Solved: Distributed Environment: Why one indexer is receiv...

Raghav2384 · ‎09-15-2014

Hello Experts, I would like to thank whoever has been helping me out for the past couple of days. I have setup a little distributed environment, all with Splunk ent trial licenses at home. I have 1-Search Head, 2-Indexers and 3-Forwarders. Indexers set as search peers. Here's my question- I have installed Forwarder on a Ubuntu system and been checking for the event count on the indexers.
Indexer A and Indexer B has pretty much same CPU and system configurations.
I see Indexer A gets most of the stuff from Ubuntu forwarder and Indexer B is receiving very little. Interesting thing is i setup Indexer A after Indexer B. Is there any config rule for forwarder to favor an indexer or is it strictly based on the power of the Indexer holding Laptop?
Thanks in advance 🙂
Raghav

triest · ‎09-16-2014

Since you say "Indexer A gets most of the stuff[...] and Indexer Bis receiving very little", I'm going to assume you see some data from Indexer B from the Ubuntu host. That assumption rules out issues where the search head is only distributing the search to one indexer and issues with the indexer not receiving data.

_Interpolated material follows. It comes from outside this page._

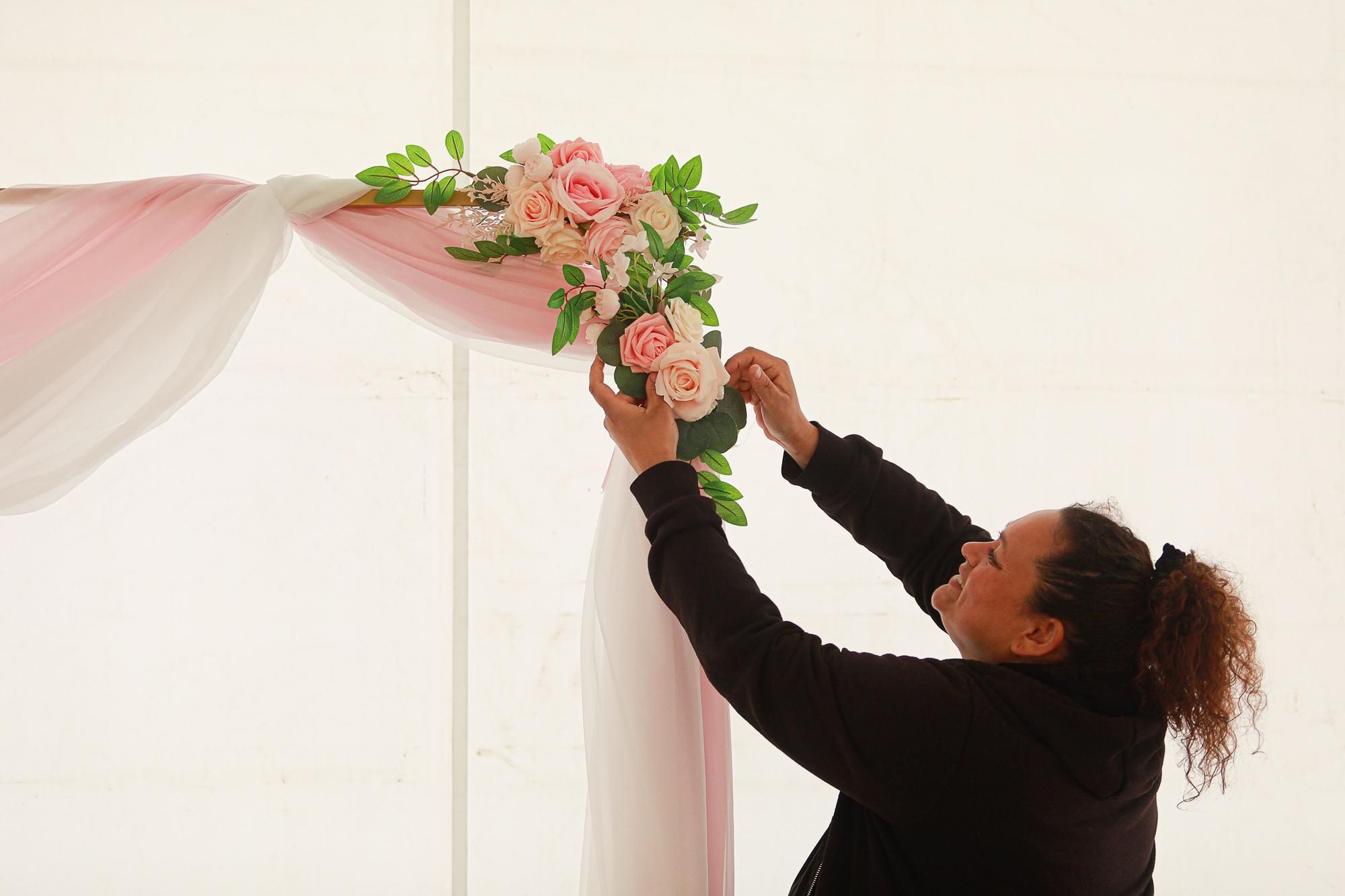 FOTOS | Los preparativos de la gran boda gitana de Lucía y Daniel en Ibiza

Since this is a new environment, I'm assuming these are fairly new versions and thus SPL-69922 is not relevant (you can read more in the 5.0.5 release notes.

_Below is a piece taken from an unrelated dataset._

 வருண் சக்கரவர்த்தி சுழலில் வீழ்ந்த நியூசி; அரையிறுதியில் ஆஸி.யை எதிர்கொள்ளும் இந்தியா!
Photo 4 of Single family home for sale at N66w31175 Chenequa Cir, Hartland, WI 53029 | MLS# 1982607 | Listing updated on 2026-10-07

Universal Forwarders have no concept of an event; they just see a stream of data and its the heavy forwarder or indexer down the road that will do the event breaking. To avoid sending part of an event to one indexer and then sending the rest to another, when a Universal Forwarder sees a log file get updated, it will try to read to the end of the file (and then wait three seconds for more data) and send all of that to the same server. For a very heavy load (e.g. net flow for a big network), this can prevent a Universal Forwarder from properly load blanking. I doubt you have enough throughput to cause that, but if you're indexing old logs, a similar effect can occur. It's probably best just to let it happen in the case of old logs, but if its a matter of the velocity of the logs, you can use autoLBFrequency in outputs.conf to force it to change indexer, but you are increasing the chances of having an event get split.

Indexer selection is random and not a shuffle. Thus if a forwarder is only configured to send data to two servers, there's a 50% chance that it will choose the same server. So for small data sets, you would expect to see some indexer affinity.

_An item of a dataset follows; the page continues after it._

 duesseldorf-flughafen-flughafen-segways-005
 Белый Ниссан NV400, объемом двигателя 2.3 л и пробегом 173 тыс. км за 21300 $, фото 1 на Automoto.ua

Finally (and I doubt this applies in your case), I wrote a query to look for indexer affinity based on forwarder, and I noticed our jobs server was a big offender. That makes sense as it doesn't write data very often, but for our summary indexing tasks, it can write large amounts of data in a short time and thus on a per day or even per week basis show some affinity. Long term though, its a fairly even load.

If you leave things up for a day, how do that days logs look?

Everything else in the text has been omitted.